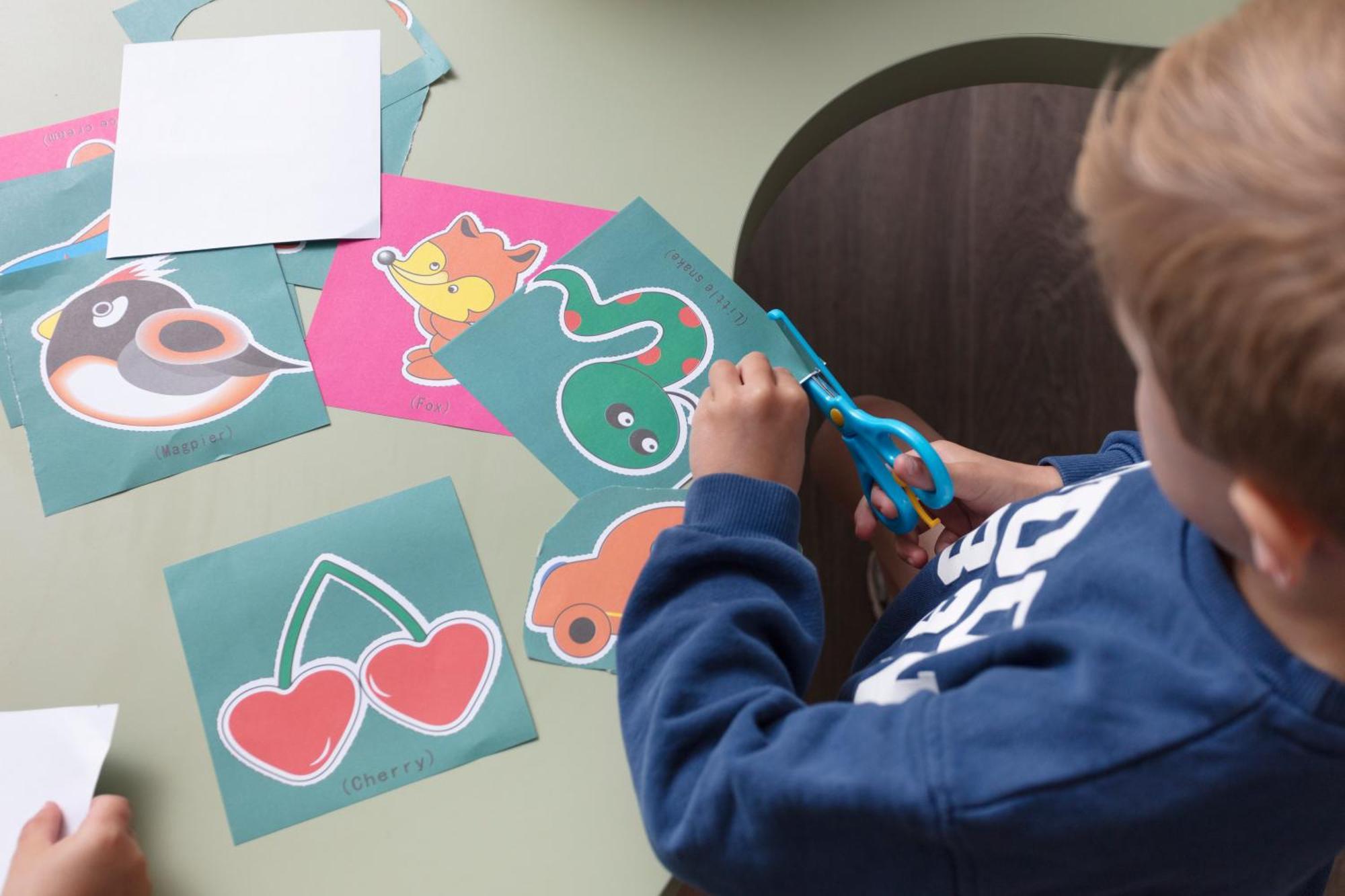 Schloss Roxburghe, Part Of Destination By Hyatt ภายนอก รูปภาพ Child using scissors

§

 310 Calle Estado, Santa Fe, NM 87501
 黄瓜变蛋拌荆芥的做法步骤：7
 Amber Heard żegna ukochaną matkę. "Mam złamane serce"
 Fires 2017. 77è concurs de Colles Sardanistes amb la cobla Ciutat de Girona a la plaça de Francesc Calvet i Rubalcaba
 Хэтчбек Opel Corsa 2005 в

§

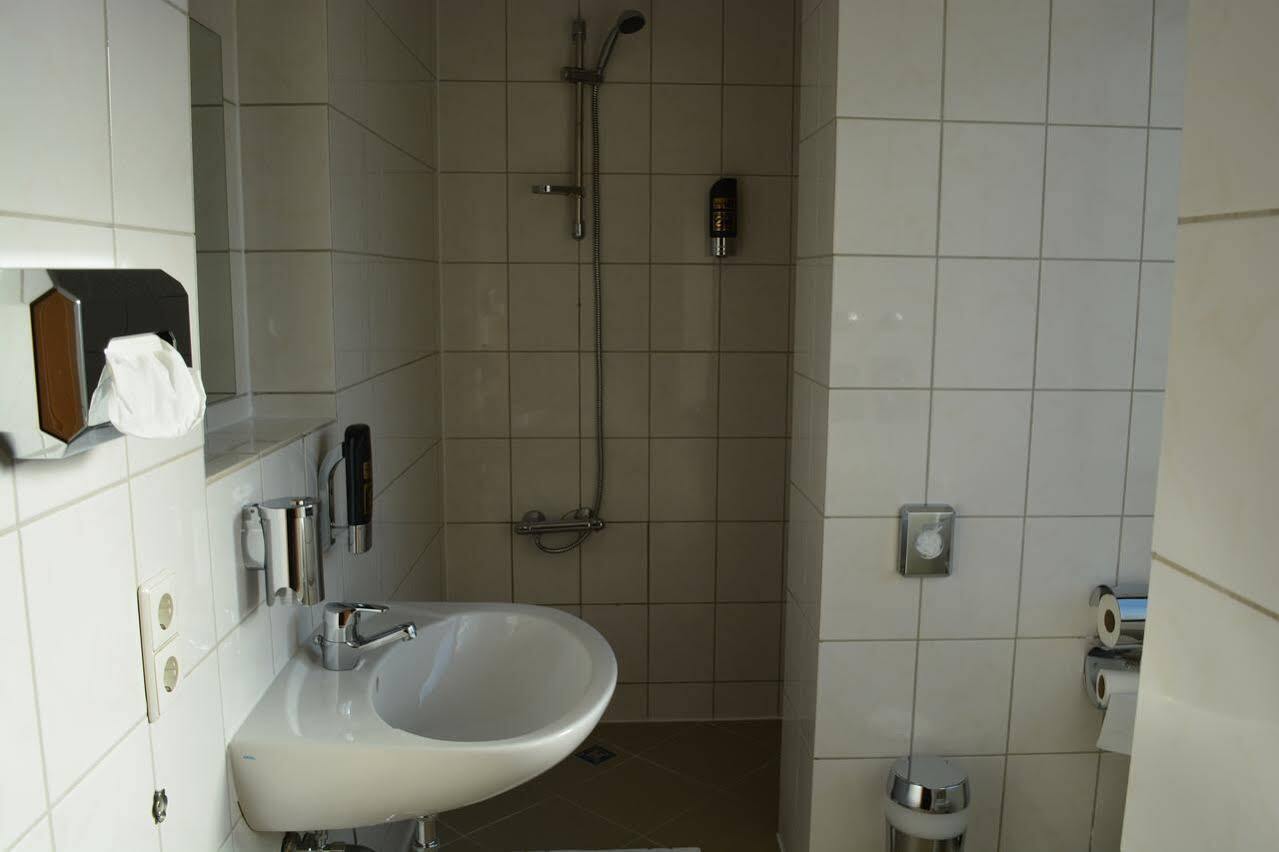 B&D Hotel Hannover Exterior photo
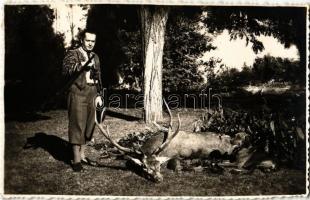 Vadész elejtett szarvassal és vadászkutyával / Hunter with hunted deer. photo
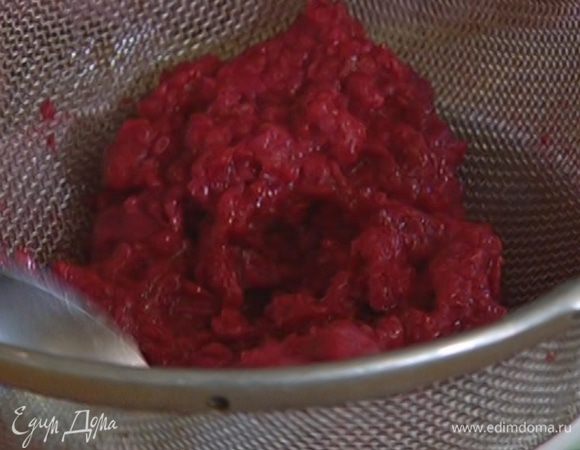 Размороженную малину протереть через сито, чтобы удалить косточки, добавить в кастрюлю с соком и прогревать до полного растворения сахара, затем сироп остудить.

§

WORK TO BE COMPLETED
Nothing but the lines above from the line with "B&D Hotel Hannover Exterior photo" up to and including the line with "Размороженную малину протереть" should be returned, exactly as written and without pictures.

THE COMPLETED TASK
 B&D Hotel Hannover Exterior photo
 Vadész elejtett szarvassal és vadászkutyával / Hunter with hunted deer. photo
 Размороженную малину протереть через сито, чтобы удалить косточки, добавить в кастрюлю с соком и прогревать до полного растворения сахара, затем сироп остудить.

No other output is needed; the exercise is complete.